Friday, August 24, 2007

How to Read a Beltway Book

With an eye toward who looks good and who's absent without leave.

Mike Lux, of Open Left, explains (in a review of Matt Bai's Billionaires, Bloggers, and the Battle to Remake Democratic Politics):

A love for his best sources. One of the most disturbing things that strikes me when reading books by big media journalists about the inner workings of the Clinton White House is how different some of the meetings were in the book to the meetings that I was actually in on. Certain people described in those meetings seemed so much more clever, more insightful, braver, funnier, etc. than I remembered. And others' roles, usually the ones arguing the opposite of the clever-sounding staffers, were downplayed or even distorted. . . .
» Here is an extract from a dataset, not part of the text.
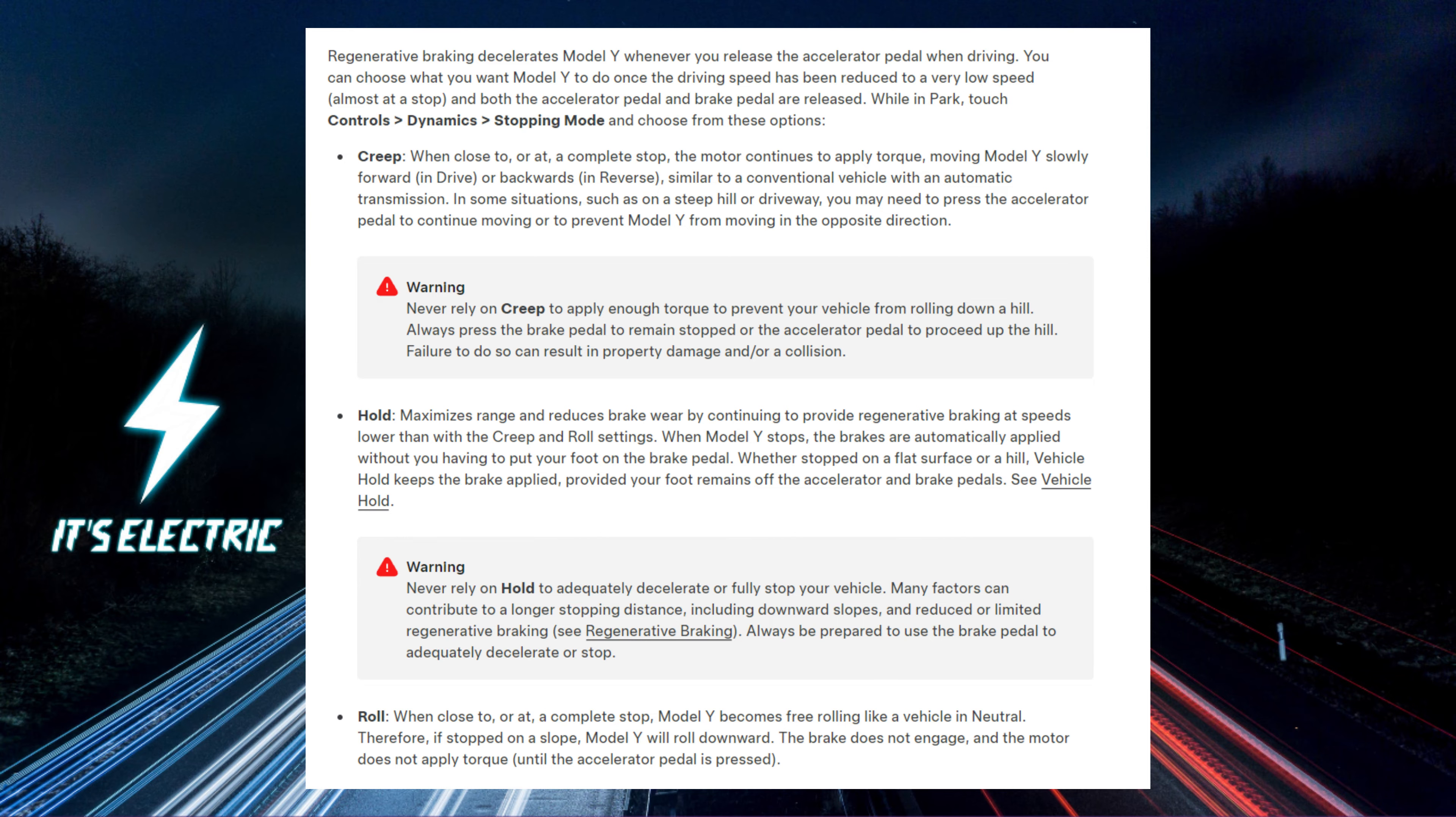Roll. When nearly stopped, Tesla acts like it's in neutral, rolling freely without the brake or motor engaging. If on a slope, it will roll downhill unless the accelerator is pressed.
It's all about the stars. I know we're in a winner-take-all culture, and maybe to sell books in general you have to focus on the best-known personalities. But again . . . a longstanding problem I have with a lot of traditional journalists [is] . . . their focus . . . almost entirely on the biggest names. This again felt like the case here. In the Democracy Alliance, there was a ton of information about founder Rob Stein, deservedly so. But Kelly Craighead (to take just one example), the calm, steady presence who helped hold the entire organization together at times when it was on the verge of completely melting down, got one throw-away line at the end of the book. In terms of bloggers, Bai spend a lot of time profiling Jerome and Markos, again deservedly so. But the brilliant Digby didn't get a mention, nor did John Amato and Crooks and Liars. Atrios got one, I think. Jane Hamsher and Firedoglake got a couple of quick mentions, both of them negative. Stoller and Bowers, who in my own obviously biased opinion, have done so much to organize the blogosphere, a couple quick mentions, one a very cynical one about Matt. Very few other bloggers, even some of the most influential, got even a mention.


Update (10/15/07): Reviewing Jeffrey Toobin's new book about the Supremes, David Margolick comes away with the same conclusion:

[T]o anyone who watches the court, or watches those who watch it, Toobin’s descriptions afford . . . the chance to ponder which of those justices talked to him for this book, and which did not. And talk to him some of them clearly did. Without their off-the-record whispers, there would be no “inside” story of any “secret” world to tell in The Nine: Inside the Secret World of the Supreme Court. . . .

First there’s Stephen Breyer, wtih what Toobin calls his “gregarious good nature.” Odds are he spoke, a fair amount. Then Ruth Bader Ginsburg, “frail” and “shy” and, Toobin says, with only marginal influence on her colleagues. Maybe, but she’d have said precious little. Clarence Thomas, we learn, had gotten old and fat since his famously bloody confirmation battle. No way. David Souter “detested Washington” and “cared little what others thought of him.” Probably not, but he’s quirky enough to have tossed off a tidbit or two. Then Anthony Kennedy, far more worldly and influential than the “conventional, even boring” burgher he first appeared to be. Almost certainly yes.

Antonin Scalia looked “lost and lonely” that day: absolutely not. Then Sandra Day O’Connor, about to entrust her seat to President George W. Bush, whom she considered “arrogant, lawless, incompetent and extreme.” Her fingerprints—or voice prints—practically leap off the page: how else could Toobin write something so incendiary so confidently? And finally there’s John Paul Stevens, “respected by his colleagues, if not really known to them.” Highly unlikely.